Possible involvement of Interleukin‐17A in the deterioration of prepulse inhibition on acoustic startle response in mice

AIM: Proinflammatory cytokines such as interleukin‐6 (IL‐6) and IL‐17A have been implicated in the pathophysiology of schizophrenia which often shows sensorimotor gating abnormalities. This study aimed to examine whether a proinflammatory cytokine, IL‐17A, induces impairment in sensorimotor gating in mice.

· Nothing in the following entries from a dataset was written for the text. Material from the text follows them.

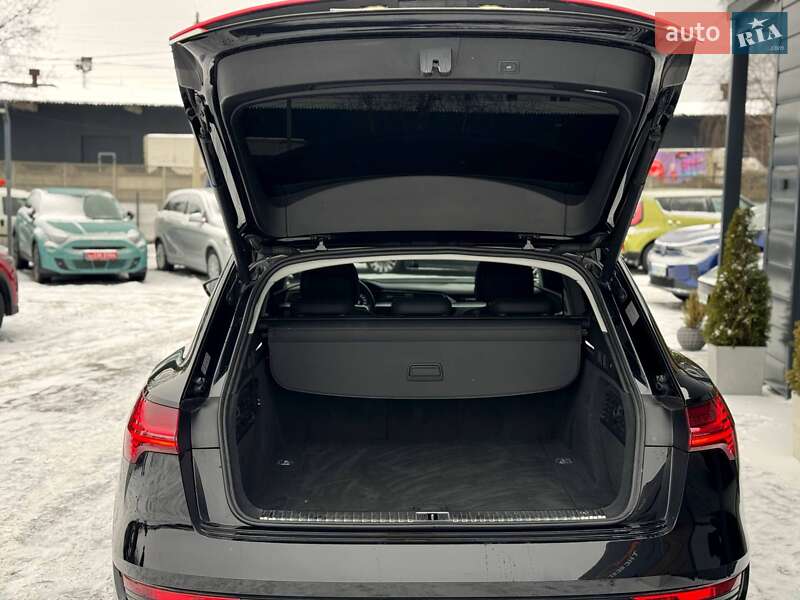 Позашляховик / Кросовер Audi e-tron 2020 в Рівному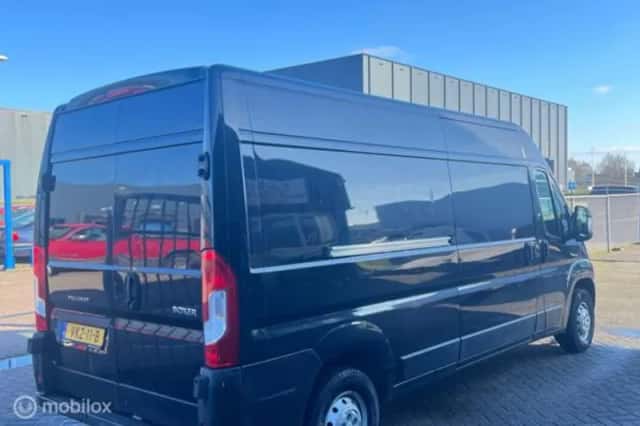 Peugeot Boxer (2021) thumbnail 3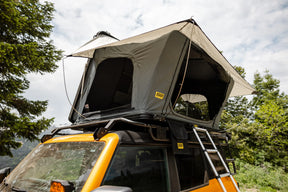 Smittybilt Aluminum Side Opening Roof Top Tent RTT - Recon Recovery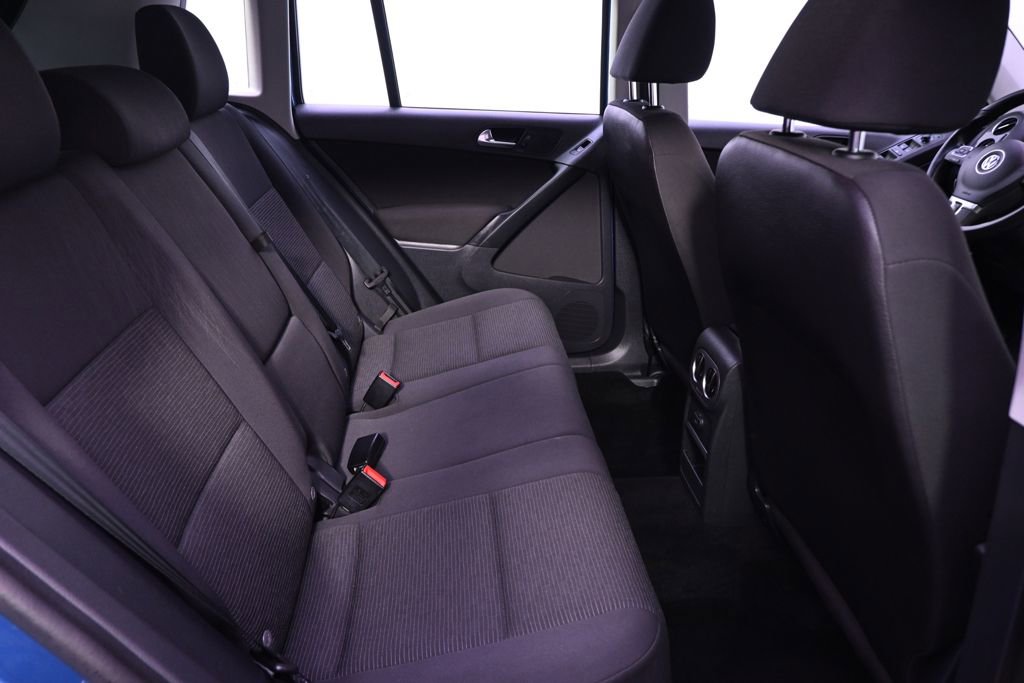 Used 2018 Volkswagen Tiguan Limited w/ Premium Package image 18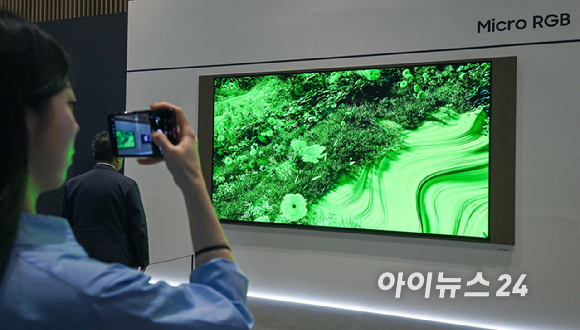 18일 경기 수원시 영통구 수원컨벤션센터에서 열린 '제57기 삼성전자 정기주주총회'에서 주주들이 투명 마이크로 LED를 보고 있다. [사진=곽영래 기자]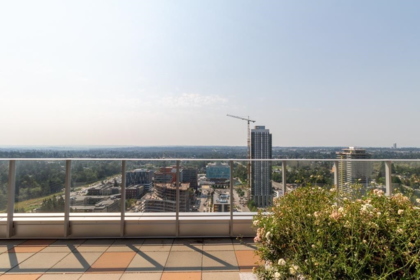 Loft / Bonus Room Photo of 405 13655 Fraser Highway, Surrey, BC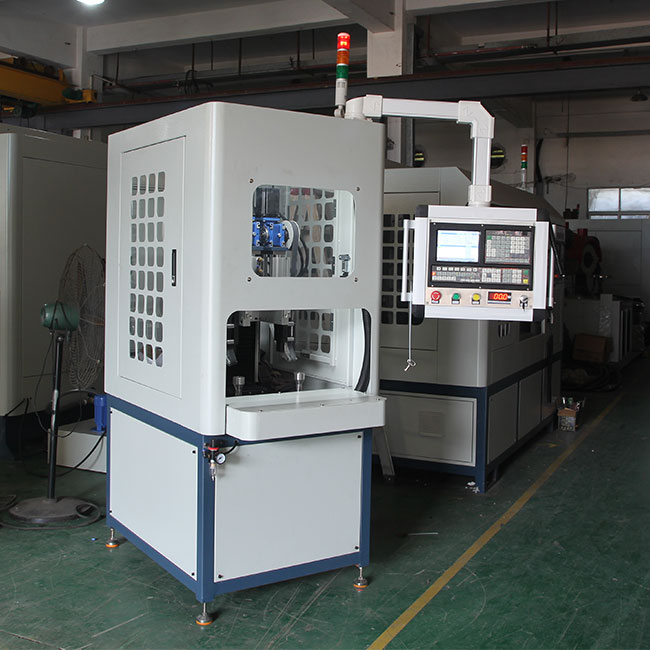 Yüksek verimlilikli 2 istasyonlu CNC fırçalama makinesi Düzenli şekilli yuvarlak kapağın özel düz ve yan işlemleri 6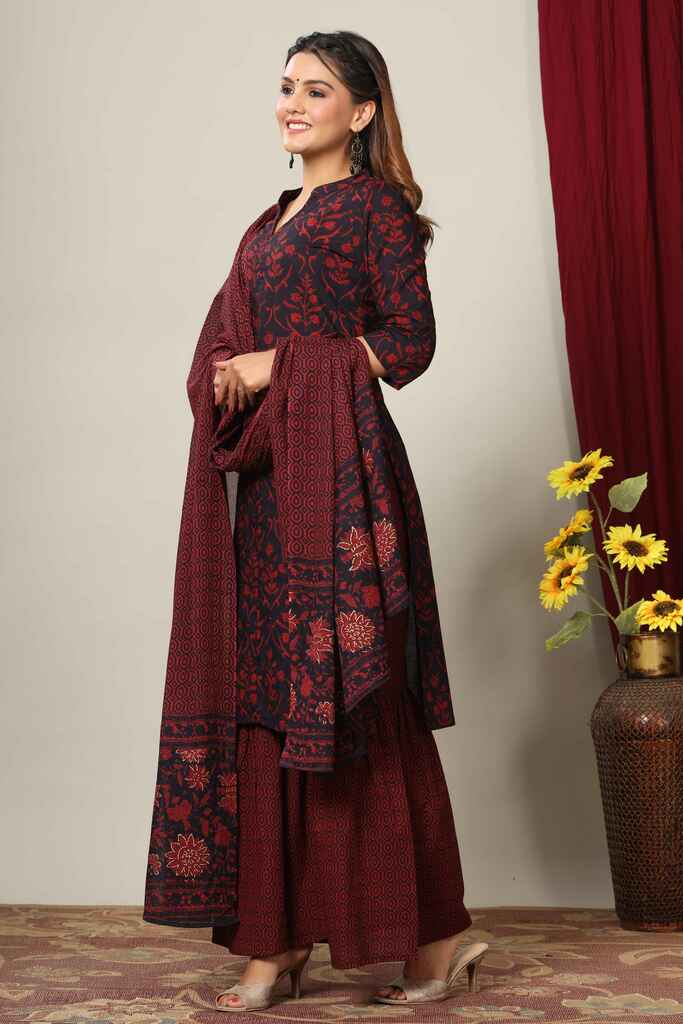 Color_Maroon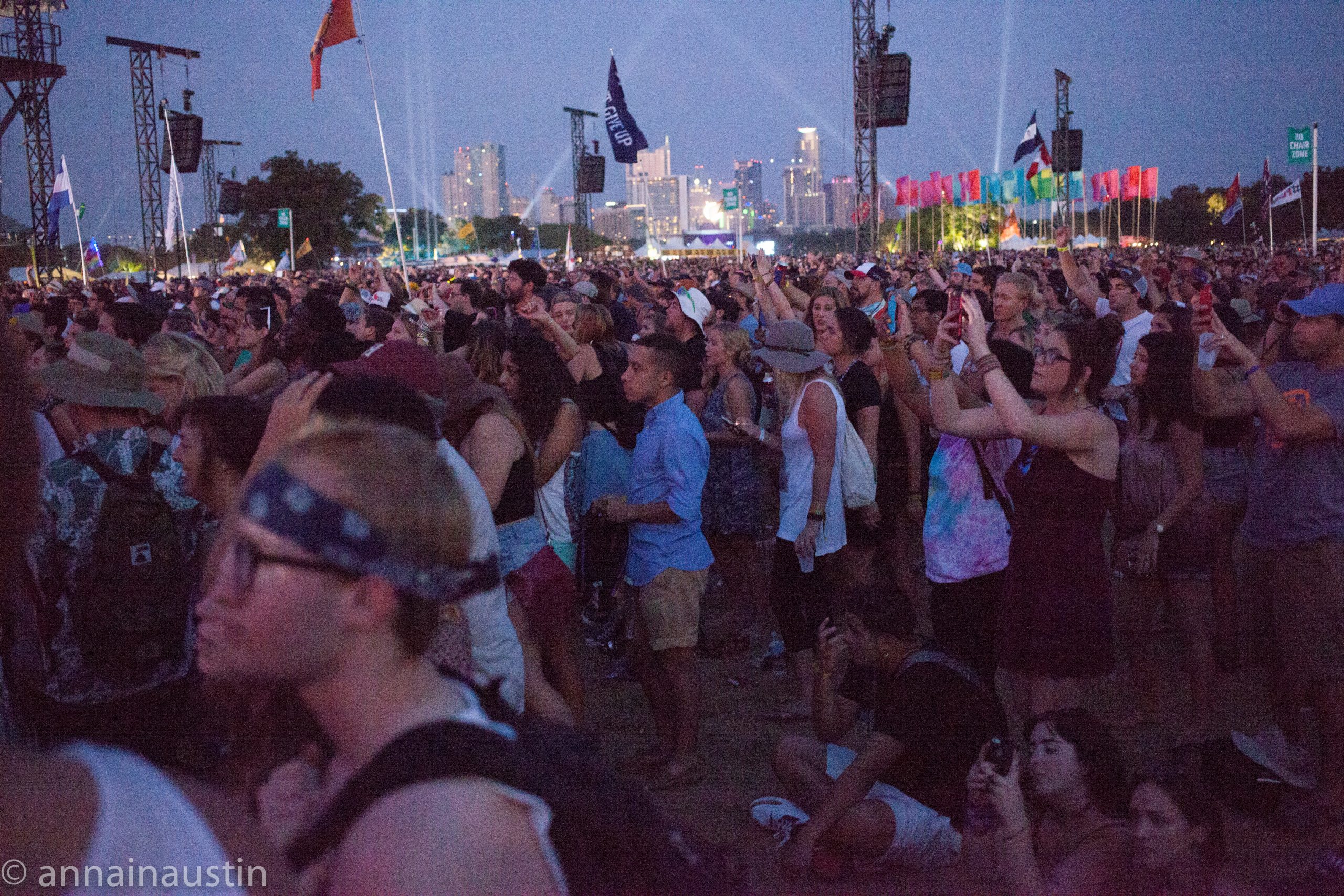 Crowd enjoying live music health benefits at Austin City Limits Music Festival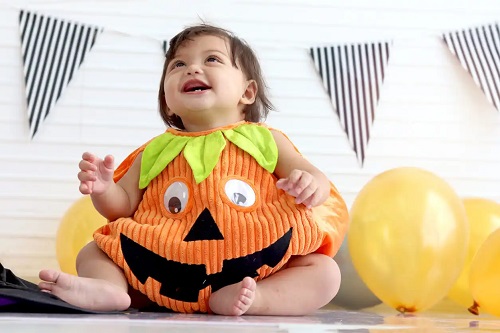 Costum de bebeluș pentru Halloween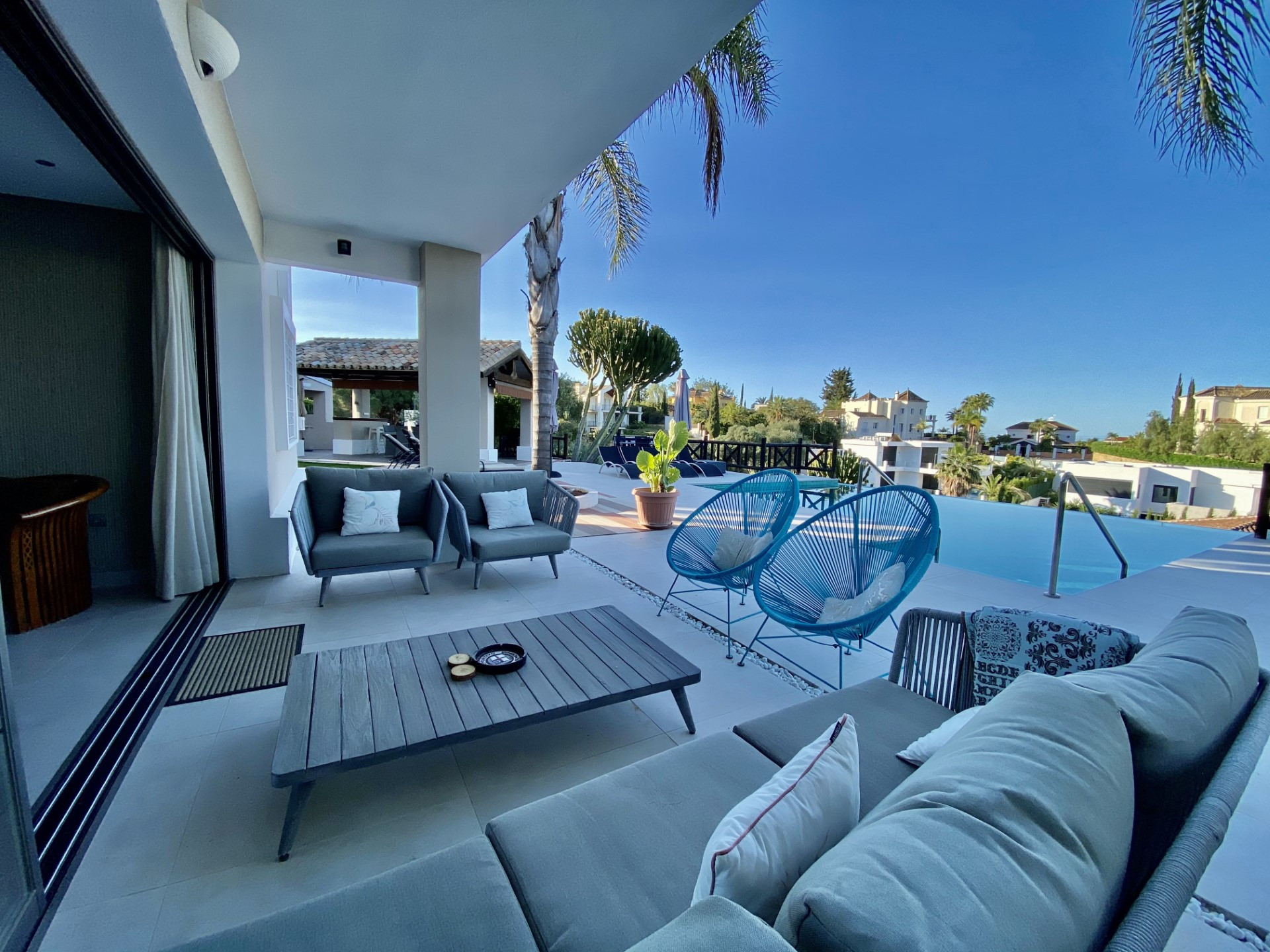 FANTASTICA VILLA DE ESTILO MEDITERRANEO EN EL ROSARIO, MARBELLA ESTE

We also examined whether IL‐17A administration affects GSK3α/β protein level or phosphorylation in the striatum. METHODS: Recombinant mouse IL‐17A (low‐dose: 0.5 ng/mL and high‐dose: 50 ng/mL with 10 μL/g mouse body weight, respectively) or vehicle was intraperitoneally administered into C57BL/6 male mice 10 times in 3 weeks (sub‐chronic administration). Prepulse inhibition test using acoustic startle stimulus was conducted 4 weeks after the final IL‐17A administration. We evaluated the effect of IL‐17A administration on protein level or phosphorylation of GSK3α/β in the striatum by using Western blot analysis. RESULTS: Administration of IL‐17A induced significant PPI deterioration. Low‐dose of IL‐17A administration significantly decreased both GSK3α (Ser21) and GSK3β (Ser9) phosphorylation in mouse striatum. There was no significant alteration of GSK3α/β protein levels except for GSK3α in low‐dose IL‐17A administration group. CONCLUSION: We demonstrated for the first time that sub‐chronic IL‐17A administration induced PPI disruption and that IL‐17A administration resulted in decreased phosphorylation of GSKα/β at the striatum. These results suggest that IL‐17A could be a target molecule in the prevention and treatment of sensorimotor gating abnormalities observed in schizophrenia.